Kirby R E, Lewandrowski K B, Southern J F, Compton C C, Warshaw A L
Department of Pathology, Massachusetts General Hospital, Harvard Medical School, Boston.
Arch Surg. 1995 Jan;130(1):69-72. doi: 10.1001/archsurg.1995.01430010071014.
To evaluate the role of epidermal growth factor receptor (EGF-R) and pS2 protein in the evolution of malignancy in mucinous cystic tumors of the pancreas.
Mucinous cystic tumors of the pancreas include histologically benign but premalignant mucinous cystic neoplasms and mucinous cystadenocarcinoma. The molecular events leading to transformation from a benign to a malignant mucinous tumor are not known. Overexpression of EGF-R and detection of an estrogen-induced protein (pS2) has been demonstrated in ductal adenocarcinomas of the pancreas, but these factors have not been evaluated in mucinous cystic tumors.
Twenty-six mucinous tumors were examined for EGF-R, pS2 protein, and estrogen and progesterone receptors.

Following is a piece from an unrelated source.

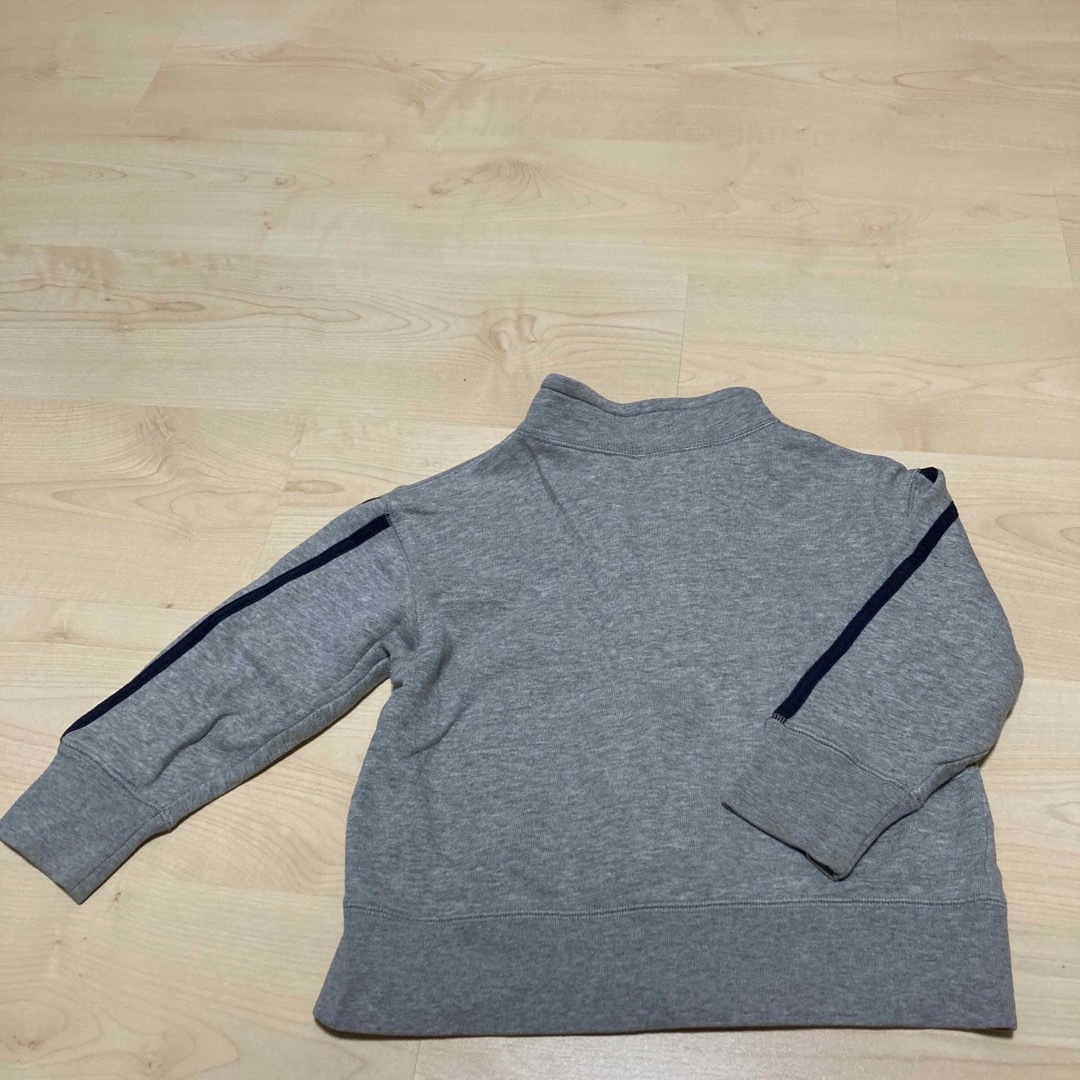 GAP(ギャップ)のGAP 上着120 キッズ/ベビー/マタニティのキッズ服男の子用(90cm~)(ジャケット/上着)の商品写真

Eight (61.2%) of 13 malignant tumors exhibited increased expression of EGF-R, whereas EGF-R was not detected in any of the 13 benign tumors (P = .002). The pS2 protein was detected in nine of 11 malignant and 11 of 11 benign tumors (P = .480). Estrogen and progesterone receptors were not detected in the epithelium of either tumor type. The median survival time of the patients with EGF-R-negative tumors was 29.0 months compared with 14.5 months for those with EGF-R-positive tumors, but this difference did not reach significance owing to the small population size.
Overexpression of EGF-R in mucinous cystic tumors, as in ductal adenocarcinomas, may be an important feature associated with malignancy and may have prognostic significance. Failure to detect EGF-R in histologically benign epithelium suggests that the upregulation of EGF-R may be important in the evolution of aggressive behavior. The expression of pS2 protein appears to be independent of estrogen and may play a role in the proliferative activity of mucinous tumors. However, pS2 expression is not a feature associated exclusively with malignancy.
评估表皮生长因子受体(EGF-R)和pS2蛋白在胰腺黏液性囊性肿瘤恶变过程中的作用。
胰腺黏液性囊性肿瘤包括组织学上良性但具有恶变倾向的黏液性囊性肿瘤和黏液性囊腺癌。导致良性黏液性肿瘤转变为恶性肿瘤的分子事件尚不清楚。胰腺导管腺癌中已证实存在EGF-R的过表达及雌激素诱导蛋白(pS2)的检测,但这些因素在黏液性囊性肿瘤中尚未得到评估。
对26例黏液性肿瘤进行EGF-R、pS2蛋白以及雌激素和孕激素受体检测。
13例恶性肿瘤中有8例(61.2%)表现出EGF-R表达增加,而13例良性肿瘤中均未检测到EGF-R(P = 0.002)。11例恶性肿瘤中有9例检测到pS2蛋白,11例良性肿瘤中也有11例检测到pS2蛋白(P = 0.480)。两种肿瘤类型的上皮细胞中均未检测到雌激素和孕激素受体。EGF-R阴性肿瘤患者的中位生存时间为29.0个月,而EGF-R阳性肿瘤患者为14.5个月,但由于样本量小,这种差异未达到统计学意义。
与导管腺癌一样,黏液性囊性肿瘤中EGF-R的过表达可能是与恶性肿瘤相关的重要特征,且可能具有预后意义。在组织学上良性的上皮细胞中未检测到EGF-R,提示EGF-R的上调可能在侵袭性行为的演变中起重要作用。pS2蛋白的表达似乎与雌激素无关,可能在黏液性肿瘤的增殖活性中起作用。然而,pS2表达并非恶性肿瘤所特有的特征。